The following evidence was given to the House of Commons Select Committee on Procedure and printed with its Fourth Report of Session 1988-89, The Scrutiny of European Legislation, HC 622-II as Appendix 15 (p 141).
Letter to the Clerk from Professor Gavin Drewry, Professor of Public Administration at the University of London (EL 16)
10 April 1989
I am writing with reference to your letter of 14 March, inviting comments in the context of the Procedure Committee’s inquiry into the role of committees in the scrutiny of European legislation. Having canvassed the views of my colleagues both on the Study of Parliament Group’s study group on the departmentally-related select committees and on the SPG’s Executive Committee, I have come regretfully to the conclusion that we cannot be of much help to you at this juncture. However, we will be glad to do what we can to contribute to the second and more general stage of your Committee’s inquiry into the working of select committees.
All of us do of course recognise the importance of this aspect of the subject; and some individual academic members of the SPG (for instance Dr Ann Robinson and Professor St John Bates, the latter having paid particular attention to the work of Lords committees) have a longstanding interest in the area of European legislation. But our study group examined committee work in fairly general terms, without paying special attention to the actual or potential role of committees in relation to European business. In so far as we did note in passing the extent to which European matters impinge upon select committees, it is apparent that the European content of inquiries varies greatly from committee to committee.
And this prompts me to make a couple of general (and I am afraid rather obvious) points, with which I am sure at least some of my SPG colleagues would agree. The departmentally-related committees as at present constituted derive considerable benefits from their flexibility and from the variety of work they do within the boundaries of their respective terms of reference. Members chose their own topics of inquiry and are free to pursue issues, or ignore them, as they see fit. It may be regarded by some as a pity that European issues have not achieved greater prominence in committee work, but obliging the committees to engage in European legislative scrutiny–or merely putting moral pressure on them to do so, eg by requiring them to set up European sub-committees–gives rise to risks of overload (and the committees already have dauntingly wide terms of reference), and of diminished capacity to respond flexibly to other issues as they come up on the public agenda. Radical changes in this respect would transform the character of select committees in ways that many of their members might regard as retrograde.
Committees are also characterised by their relative independence from the blandishments of the whips and by their generally bi-partisan approach. Both characteristics might be compromised if select committees were ever to become part of the parliamentary apparatus for processing (as opposed merely to scrutinising, at their own discretion) aspects of legislative business.

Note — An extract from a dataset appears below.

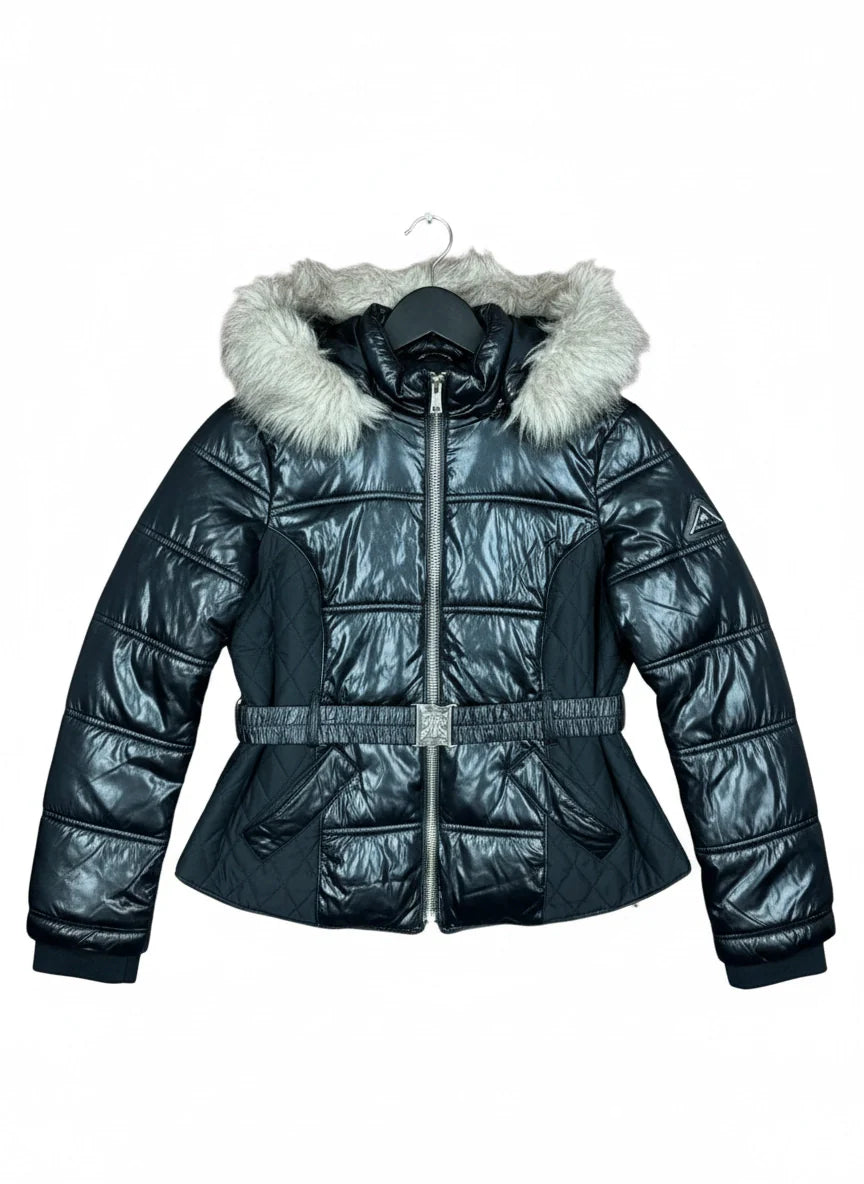 Shop Premium Bomber & Puffer Jackets by River Island | Preloved Branded Clothes | Black Polyester | Women | OTS Thrift Store Lahore Pakistan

I am sure that the Committee is already well aware of these possible pitfalls–and of the fact that any major recommendations it may make following stage one of its inquiry may effectively pre-empt some of the matters it intends to examine at stage 2.
I am sure you will understand why we feel unable to comment in more detail on this part of your inquiry. Please let me know if and when I and my colleagues can be of more substantial assistance to your Committee.